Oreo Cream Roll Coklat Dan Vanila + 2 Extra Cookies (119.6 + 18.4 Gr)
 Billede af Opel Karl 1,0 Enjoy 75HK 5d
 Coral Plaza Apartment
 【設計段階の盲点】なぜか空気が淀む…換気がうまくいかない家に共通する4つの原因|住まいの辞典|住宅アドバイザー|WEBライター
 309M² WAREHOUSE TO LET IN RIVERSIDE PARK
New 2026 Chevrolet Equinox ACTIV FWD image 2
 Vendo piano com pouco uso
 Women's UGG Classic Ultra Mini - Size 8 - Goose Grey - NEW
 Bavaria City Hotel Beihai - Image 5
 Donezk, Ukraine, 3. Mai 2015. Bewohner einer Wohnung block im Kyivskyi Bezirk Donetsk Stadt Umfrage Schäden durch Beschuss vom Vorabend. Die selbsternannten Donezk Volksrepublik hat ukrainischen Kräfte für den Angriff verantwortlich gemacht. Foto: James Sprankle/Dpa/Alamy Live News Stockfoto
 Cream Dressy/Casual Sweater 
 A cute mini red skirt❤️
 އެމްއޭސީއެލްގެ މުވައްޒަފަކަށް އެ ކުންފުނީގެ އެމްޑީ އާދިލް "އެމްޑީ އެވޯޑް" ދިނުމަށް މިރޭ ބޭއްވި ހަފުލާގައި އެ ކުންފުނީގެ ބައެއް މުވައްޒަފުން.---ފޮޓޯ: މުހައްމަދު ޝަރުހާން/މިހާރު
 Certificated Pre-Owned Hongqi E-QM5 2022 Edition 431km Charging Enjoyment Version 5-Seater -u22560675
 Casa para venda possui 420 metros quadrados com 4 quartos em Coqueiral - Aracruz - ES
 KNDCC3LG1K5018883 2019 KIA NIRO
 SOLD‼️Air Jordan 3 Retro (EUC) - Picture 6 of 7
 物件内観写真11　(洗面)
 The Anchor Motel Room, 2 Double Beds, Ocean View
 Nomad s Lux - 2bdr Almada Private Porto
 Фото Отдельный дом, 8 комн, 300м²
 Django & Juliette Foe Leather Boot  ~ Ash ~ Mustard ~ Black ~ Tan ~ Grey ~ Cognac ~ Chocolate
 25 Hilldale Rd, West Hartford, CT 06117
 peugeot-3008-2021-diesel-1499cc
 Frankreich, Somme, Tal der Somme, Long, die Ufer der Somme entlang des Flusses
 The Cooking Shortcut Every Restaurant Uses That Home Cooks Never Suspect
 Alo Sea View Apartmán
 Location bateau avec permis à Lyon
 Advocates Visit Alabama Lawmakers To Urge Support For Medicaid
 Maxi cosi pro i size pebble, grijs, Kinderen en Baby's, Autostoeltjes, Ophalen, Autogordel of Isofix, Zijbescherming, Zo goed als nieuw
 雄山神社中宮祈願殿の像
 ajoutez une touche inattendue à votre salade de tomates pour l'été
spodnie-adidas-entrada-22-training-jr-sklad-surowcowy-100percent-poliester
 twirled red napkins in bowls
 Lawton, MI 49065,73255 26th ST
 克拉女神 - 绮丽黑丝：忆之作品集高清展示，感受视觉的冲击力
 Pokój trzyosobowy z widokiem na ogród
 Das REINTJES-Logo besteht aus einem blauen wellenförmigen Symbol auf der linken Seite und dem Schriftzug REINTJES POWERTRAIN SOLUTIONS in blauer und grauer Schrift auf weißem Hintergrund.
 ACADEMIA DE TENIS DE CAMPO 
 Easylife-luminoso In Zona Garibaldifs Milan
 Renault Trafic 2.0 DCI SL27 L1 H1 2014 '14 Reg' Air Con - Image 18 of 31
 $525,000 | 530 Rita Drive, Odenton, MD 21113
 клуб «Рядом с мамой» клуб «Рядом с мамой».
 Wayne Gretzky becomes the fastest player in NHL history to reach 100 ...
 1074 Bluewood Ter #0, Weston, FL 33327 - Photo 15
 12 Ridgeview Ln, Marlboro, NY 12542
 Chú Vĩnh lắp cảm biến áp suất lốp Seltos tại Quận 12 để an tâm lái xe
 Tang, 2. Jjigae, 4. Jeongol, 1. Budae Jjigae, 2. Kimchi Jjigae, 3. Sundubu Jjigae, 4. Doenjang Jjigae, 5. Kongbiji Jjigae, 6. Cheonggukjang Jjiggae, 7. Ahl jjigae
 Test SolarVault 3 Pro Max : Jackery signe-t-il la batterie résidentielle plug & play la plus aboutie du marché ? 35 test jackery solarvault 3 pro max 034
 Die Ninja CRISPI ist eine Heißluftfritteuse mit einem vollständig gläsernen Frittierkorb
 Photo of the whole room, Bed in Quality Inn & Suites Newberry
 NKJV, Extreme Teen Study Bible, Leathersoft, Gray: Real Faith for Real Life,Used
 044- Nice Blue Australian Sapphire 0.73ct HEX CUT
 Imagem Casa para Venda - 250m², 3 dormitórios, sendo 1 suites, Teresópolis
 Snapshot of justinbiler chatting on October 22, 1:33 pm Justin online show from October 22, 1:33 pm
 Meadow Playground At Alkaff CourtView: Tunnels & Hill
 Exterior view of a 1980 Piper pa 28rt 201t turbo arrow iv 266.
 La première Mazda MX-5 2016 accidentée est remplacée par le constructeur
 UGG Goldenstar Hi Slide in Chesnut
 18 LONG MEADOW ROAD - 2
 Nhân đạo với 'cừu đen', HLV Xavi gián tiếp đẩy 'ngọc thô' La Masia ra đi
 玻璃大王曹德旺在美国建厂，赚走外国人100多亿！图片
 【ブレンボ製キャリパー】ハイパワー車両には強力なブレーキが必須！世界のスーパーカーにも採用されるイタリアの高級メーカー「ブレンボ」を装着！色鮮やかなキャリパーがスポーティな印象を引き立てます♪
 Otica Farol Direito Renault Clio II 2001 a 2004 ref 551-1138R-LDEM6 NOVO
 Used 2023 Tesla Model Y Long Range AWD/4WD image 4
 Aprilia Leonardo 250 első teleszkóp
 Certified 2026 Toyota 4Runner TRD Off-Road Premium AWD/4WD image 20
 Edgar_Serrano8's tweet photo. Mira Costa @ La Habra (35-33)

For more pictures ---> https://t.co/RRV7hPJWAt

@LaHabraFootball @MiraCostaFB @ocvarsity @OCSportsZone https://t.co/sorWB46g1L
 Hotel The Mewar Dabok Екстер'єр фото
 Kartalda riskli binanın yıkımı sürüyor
=-=-=-=-=
◆ **WORK TO COMPLETE**
Reproduce exactly the lines from the beginning of the entries above up to and including the line that contains "Certificated Pre-Owned Hongqi".

◆ **OUTPUT FOR THIS TASK**
Oreo Cream Roll Coklat Dan Vanila + 2 Extra Cookies (119.6 + 18.4 Gr)
 Billede af Opel Karl 1,0 Enjoy 75HK 5d
 Coral Plaza Apartment
 【設計段階の盲点】なぜか空気が淀む…換気がうまくいかない家に共通する4つの原因|住まいの辞典|住宅アドバイザー|WEBライター
 309M² WAREHOUSE TO LET IN RIVERSIDE PARK
New 2026 Chevrolet Equinox ACTIV FWD image 2
 Vendo piano com pouco uso
 Women's UGG Classic Ultra Mini - Size 8 - Goose Grey - NEW
 Bavaria City Hotel Beihai - Image 5
 Donezk, Ukraine, 3. Mai 2015. Bewohner einer Wohnung block im Kyivskyi Bezirk Donetsk Stadt Umfrage Schäden durch Beschuss vom Vorabend. Die selbsternannten Donezk Volksrepublik hat ukrainischen Kräfte für den Angriff verantwortlich gemacht. Foto: James Sprankle/Dpa/Alamy Live News Stockfoto
 Cream Dressy/Casual Sweater 
 A cute mini red skirt❤️
 އެމްއޭސީއެލްގެ މުވައްޒަފަކަށް އެ ކުންފުނީގެ އެމްޑީ އާދިލް "އެމްޑީ އެވޯޑް" ދިނުމަށް މިރޭ ބޭއްވި ހަފުލާގައި އެ ކުންފުނީގެ ބައެއް މުވައްޒަފުން.---ފޮޓޯ: މުހައްމަދު ޝަރުހާން/މިހާރު
 Certificated Pre-Owned Hongqi E-QM5 2022 Edition 431km Charging Enjoyment Version 5-Seater -u22560675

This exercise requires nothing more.